Could the records be returned exactly, with the pictures left out?

Top of Records for this task

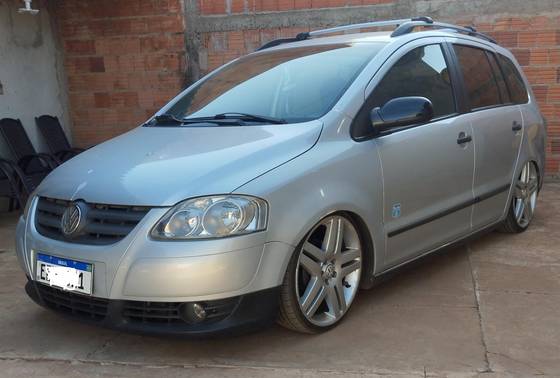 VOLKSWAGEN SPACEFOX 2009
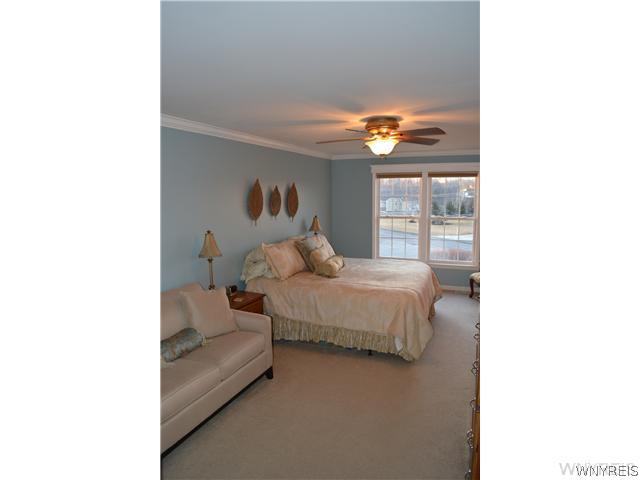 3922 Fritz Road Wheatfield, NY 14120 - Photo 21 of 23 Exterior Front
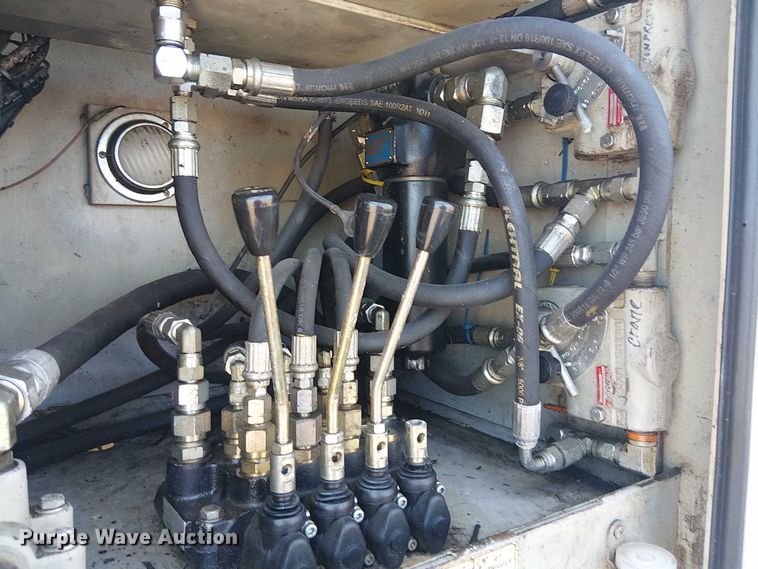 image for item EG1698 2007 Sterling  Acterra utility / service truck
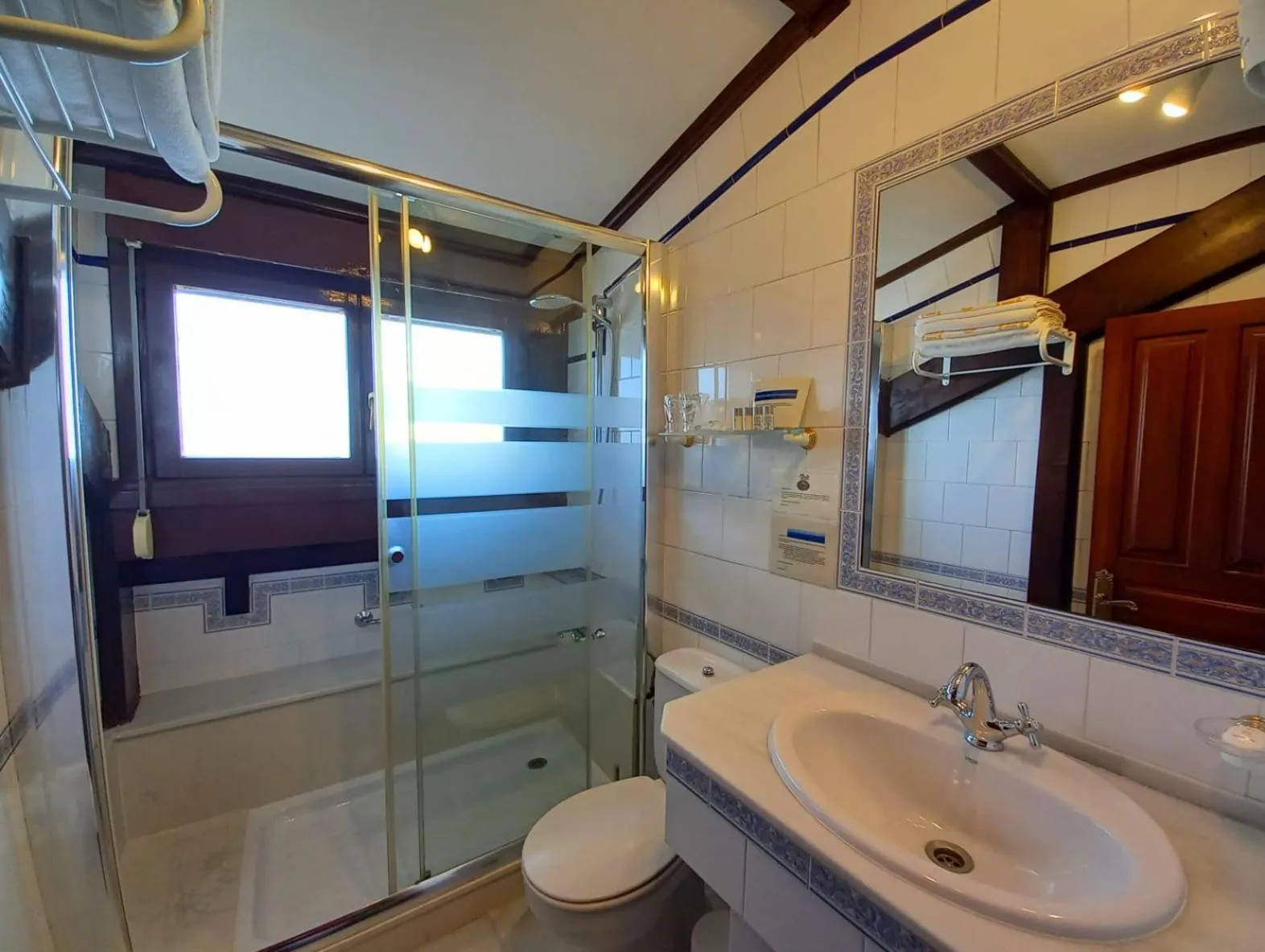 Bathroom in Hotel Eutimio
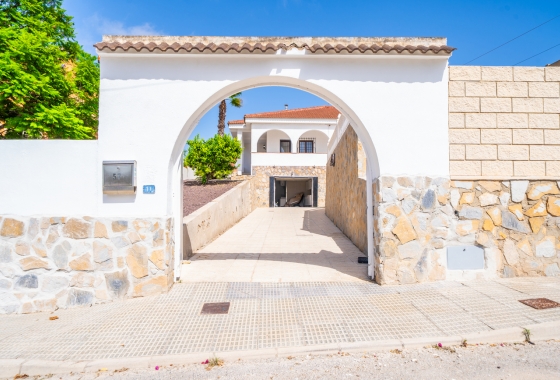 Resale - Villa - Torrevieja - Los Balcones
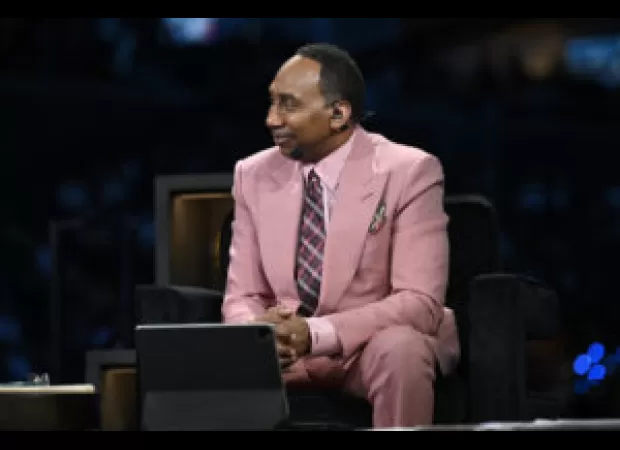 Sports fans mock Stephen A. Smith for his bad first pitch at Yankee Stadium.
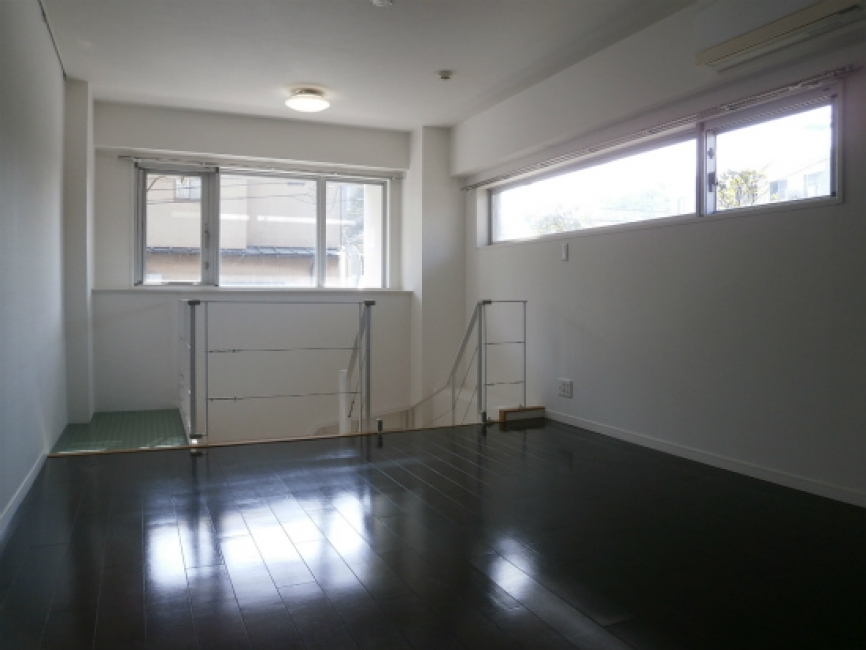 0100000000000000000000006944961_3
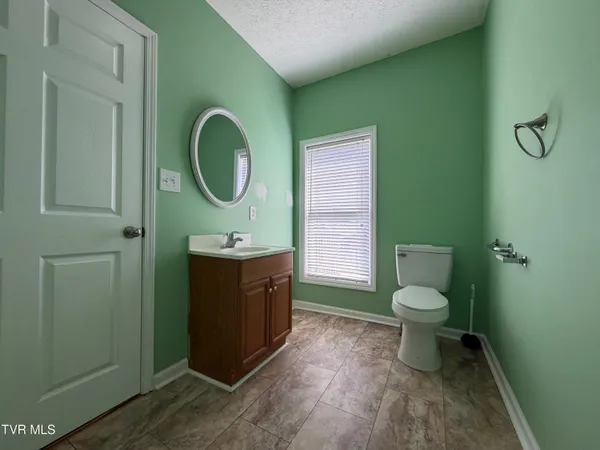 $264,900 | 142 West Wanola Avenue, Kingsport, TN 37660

Bottom of Records for this task

Output →
 VOLKSWAGEN SPACEFOX 2009
 3922 Fritz Road Wheatfield, NY 14120 - Photo 21 of 23 Exterior Front
 image for item EG1698 2007 Sterling  Acterra utility / service truck
 Bathroom in Hotel Eutimio
 Resale - Villa - Torrevieja - Los Balcones
 Sports fans mock Stephen A. Smith for his bad first pitch at Yankee Stadium.
 0100000000000000000000006944961_3
 $264,900 | 142 West Wanola Avenue, Kingsport, TN 37660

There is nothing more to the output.